Для той, что любит просто так.
В темноте, укрывшись одеялом с головой, она давится от слез и прижимает к груди смятую газетную страничку с фотографией, шепчет самые нежные слова и заранее соглашается на все, что он, такой красивый и сильный, может ей предложить. Даже кино. Даже чертово кино. Все, что угодно, лишь бы только он видел ее, лишь бы хоть минутку смотрел на нее так же, как она смотрит на него.
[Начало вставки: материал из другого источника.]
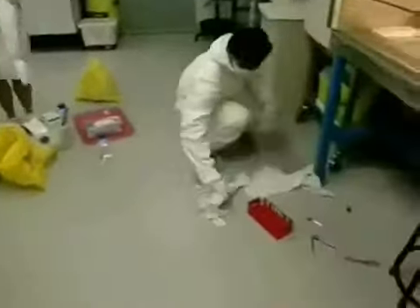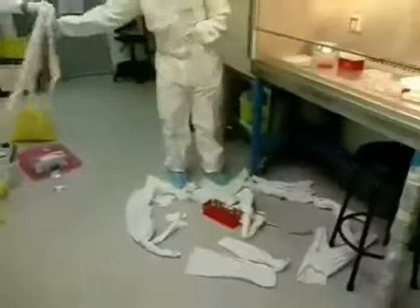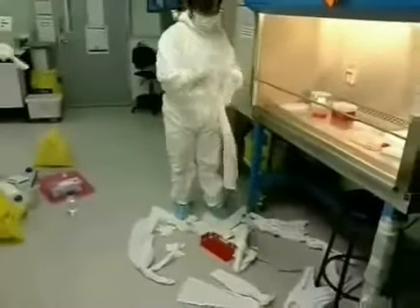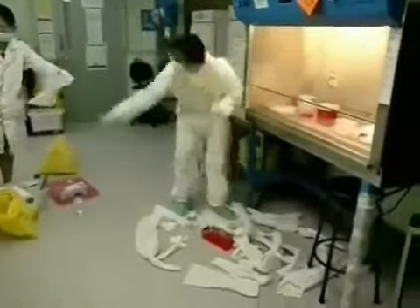It's the wrong absorbent material used. Oh dear, you've just touched the stool with contaminated gloves. I think if you had used the proper absorbent paper, you wouldn't waste so much.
Нет, на таких, как она, Вокс никогда не посмотрит. У него в студии наверняка целая туча таких же мелких служанок, которые прибираются, готовят, отвечают на звонки и почту, девочки на побегушках. Энджел ясно дал понять, что ей там не место, да она и сама до этого дошла, не совсем дурочка. Но однажды видит по телевизору Вокса с верной подружкой Вельвет, и ей сносит крышу.
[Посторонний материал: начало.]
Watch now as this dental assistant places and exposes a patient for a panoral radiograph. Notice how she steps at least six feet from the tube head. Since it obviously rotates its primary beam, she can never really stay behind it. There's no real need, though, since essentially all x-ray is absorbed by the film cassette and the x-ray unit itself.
Вельвет удивительная, яркая, стильная. А платье у нее… красивее, наверное, и нет во всем Пентаграмме. Вот такая должна быть рядом с ним, а не замухрышка Ниффти.
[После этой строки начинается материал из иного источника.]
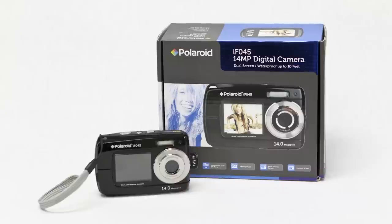The Polaroid IFO 45 14 megapixel waterproof dual screen digital camera gives you an amazing combination of beautiful image clarity, ease of use and extreme durability. Together with Polaroid's crystal clear dual screen layout, you have the ultimate camera for everyday use.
Платье не дает ей покоя, несколько ночей она не спит, кроит, шьет, примеряет, подгоняет, на цыпочках ходит в фойе к большому зеркалу в шикарном наряде, который держится пока только на ручных швах и булавочках. И ей уже нравится то, что она видит. Влюбленная в Вокса и в новое платье, не чувствует усталости, не сдается, представляя себя такой, как Вельвет. А рядом, конечно, он, пока призрачный и нереальный, но уж какой есть.
Как Золушка перед балом, она идет по коридорам отеля на кухню ранним-ранним утром в новом дивном бархатном платье. Чувствует, как пышная юбка покачивается из стороны в сторону при каждом шаге, видит в зеркалах аккуратные рукава-фонарики и тонкое кружево подъюбника, кокетливо выглядывающее снизу. Представляет себя принцессой.
– О, Ниффти, новое платье? Тебе очень идет. – говорит ей Вэгги.
Замечают только она и Энджел. Но он почему-то совсем не в восторге, за завтраком не спускает с нее недовольного взора, так что она смущается и надевает большой полосатый передник, который закрывает платье, но не счастливое сияющее лицо.
Потом, когда все расходятся по своим делам, он защемляет ее возле раковины с горой грязной посуды внутри.
– Ты на новый уровень маразма вышла? – тихонько шипит на ухо и сжимает ее тонкую руку у плеча.
– Я не понимаю, о чем ты, – щебечет Ниффти и открывает кран на полную.
– Выкинь ты его из своей головы. Я же говорил тебе, он того не стоит, не стоит, понимаешь?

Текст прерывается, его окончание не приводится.